Emily Snook is the daughter of a Southern Baptist pastor. She met her husband, also a pastor, while they attended a Southern Baptist university
Yet the 39-year-old Oklahoma woman now finds herself wondering if it’s time to leave the nation’s largest Protestant denomination, in part because of practices and attitudes that limit women’s roles.
“Every day I ask that,” Snook said. “I don’t know what the right answer is.”
She’s not alone. Among the millions of women belonging to churches of the Southern Baptist Convention, there are many who have questioned the faith’s gender-role doctrine and more recently urged a stronger response to disclosures of sexual abuse perpetrated by SBC clergy.
For many SBC women, even those committed to staying, the topic of gender became more volatile this month when popular Bible teacher Beth Moore said she no longer considered herself Southern Baptist. Moore, perhaps the best-known evangelical woman in the world, had drawn the ire of some SBC conservatives for speaking out against Donald Trump in 2016 and suggesting the denomination had problems with sexism.
Karen Swallow Prior, a professor of English and Christianity and Culture at Southeastern Baptist Theological Seminary, has belonged to an SBC megachurch and wrote a passionate article in February explaining why she remains Southern Baptist.
Yet she is among a number of SBC women publicly sharing their dismay about sex abuse and the vitriol directed at Moore.
“Beth has been scorned, mocked, and slandered while doing exactly what the denomination has determined she could and should do: be a woman teaching other women,” Prior said via email.
“I cannot count the number of women who have reached out to me over the past few years, lamenting and grieving the way women have been and are being treated in some SBC churches and by some denominational leaders,” Prior added. “If these women leave, it won’t be because Beth left.

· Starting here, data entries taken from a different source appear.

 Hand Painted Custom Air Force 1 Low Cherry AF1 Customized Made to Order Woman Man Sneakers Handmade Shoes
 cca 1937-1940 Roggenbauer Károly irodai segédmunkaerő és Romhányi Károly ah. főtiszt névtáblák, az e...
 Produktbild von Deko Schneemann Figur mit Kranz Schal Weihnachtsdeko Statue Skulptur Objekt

It will be because the men the Baptist Faith and Message says are supposed to lead in Christ-like ways have failed to do so.”

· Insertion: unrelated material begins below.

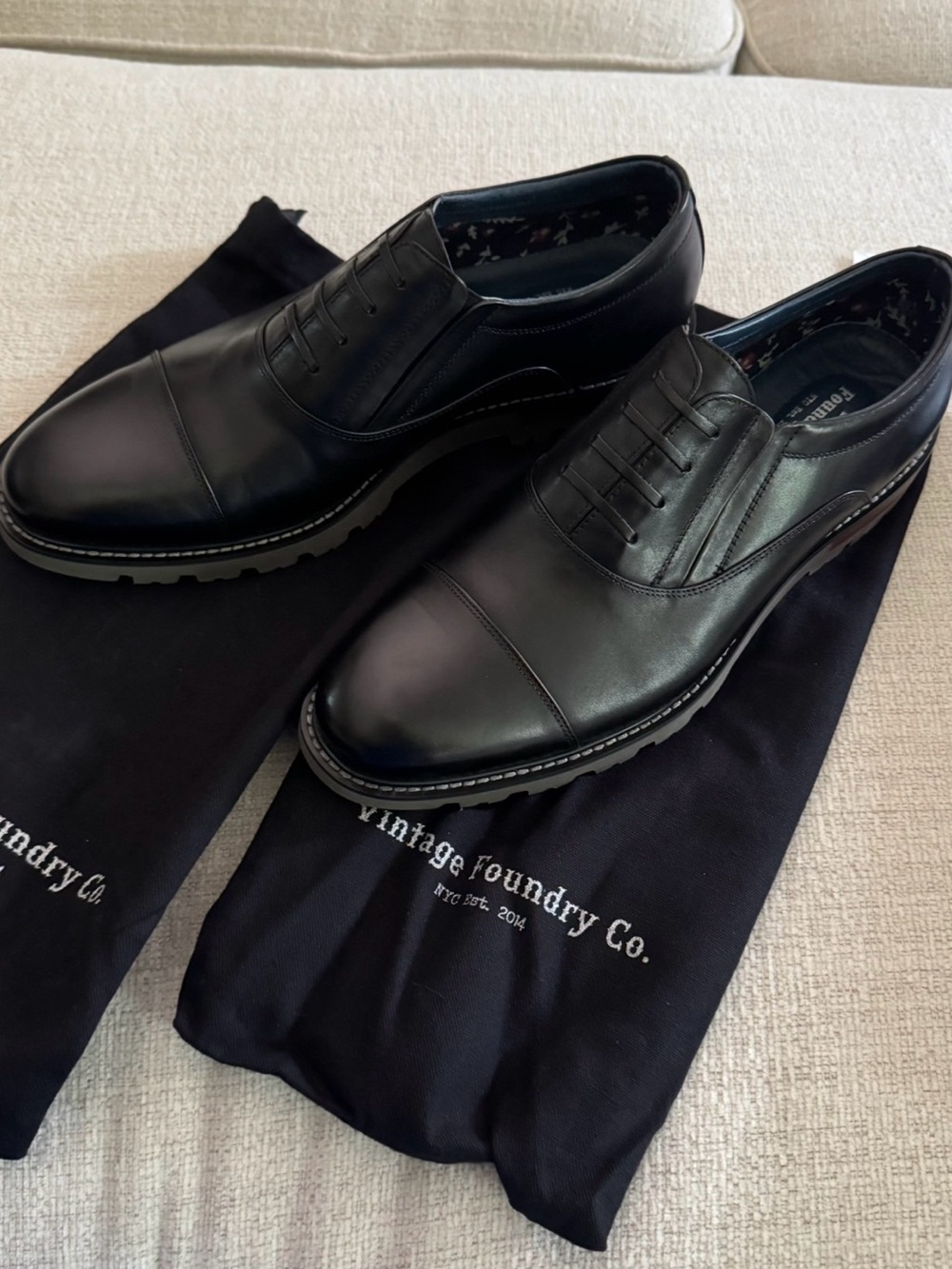 Brand new Vintage Foundry Co. Men's Black Leather Cap-Toe Derby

Prior was referring to the doctrine adopted by the SBC in 2000 which espouses male leadership in the home and the church and says a wife “is to submit herself graciously to the servant leadership of her husband.” It specifies that women cannot be pastors, citing the Apostle Paul’s biblical admonition, “I do not allow a woman to teach or to have authority over a man; instead, she is to remain quiet.”
Moore, through three decades as a Bible teacher, focused her outreach on women, but sometimes taught before audiences that also included men.
Snook, who lives in Norman, Oklahoma, said she grew up being taught that men were leaders in the church and the home “to protect women, to lift them up.”